In [1]:
# Scientific libraries
import numpy as np
import scipy.stats as stats

%matplotlib notebook
import matplotlib.pyplot as plt
from jupyterthemes import jtplot
jtplot.style(context='talk', fscale=1,grid=False)
import seaborn as sns
from vapeplot import vapeplot
#vapeplot.set_palette('cool')

np.random.seed(3453532)

from data_generator import NormalData, TData
from fitting import NormalFit, NormalSigmaFit, NormalSysFit, TFit

purple = "#FF25DE"
green = "#25FF60"
yellow='#FFF97C'
blue="#36CBFB"

# Systematics

We often deal with systematics in astrophysics. But what does this mean? Unfortunately, it can mean different things to different people. However, we generally accept it as "the model is wrong." But what part of the model? Why do we "fix" systematics by inflating the errors? The real problem comes in with the defintion of "error."

When we say error, we typically are refering the the $\sigma$ parameter of the normal distribution. This defines the innermost region of the normal distribution that contains 68% of the probabilty or area under the curve.

In [14]:
fig, ax = plt.subplots()

xplot = np.linspace(-5,5,100)

yplot = stats.norm.pdf(xplot)

ax.plot(xplot,yplot,color=purple)


fig.savefig('gauss.pdf', bbox_inches='tight')

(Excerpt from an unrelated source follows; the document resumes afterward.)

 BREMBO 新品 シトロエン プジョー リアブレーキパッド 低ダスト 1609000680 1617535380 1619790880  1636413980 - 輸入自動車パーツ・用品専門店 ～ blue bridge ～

<IPython.core.display.Javascript object>

In [20]:
fig, ax = plt.subplots()

xplot = np.linspace(-5,5,100)

yplot = stats.norm.pdf(xplot)

ax.plot(xplot,yplot,color=purple)

yplot = stats.t.pdf(xplot,df=3)

ax.plot(xplot,yplot,color=green)

fig.savefig('gauss_t.pdf', bbox_inches='tight')

<IPython.core.display.Javascript object>

When we fit for a parameter in a model (I'm assuming we are all Bayesians here), the marginal distribution for that parameter can be used to calculate an N% credible region. The meaning of this credible region is that the true value of that parameter lies has an N% probabilty of lying within that region. 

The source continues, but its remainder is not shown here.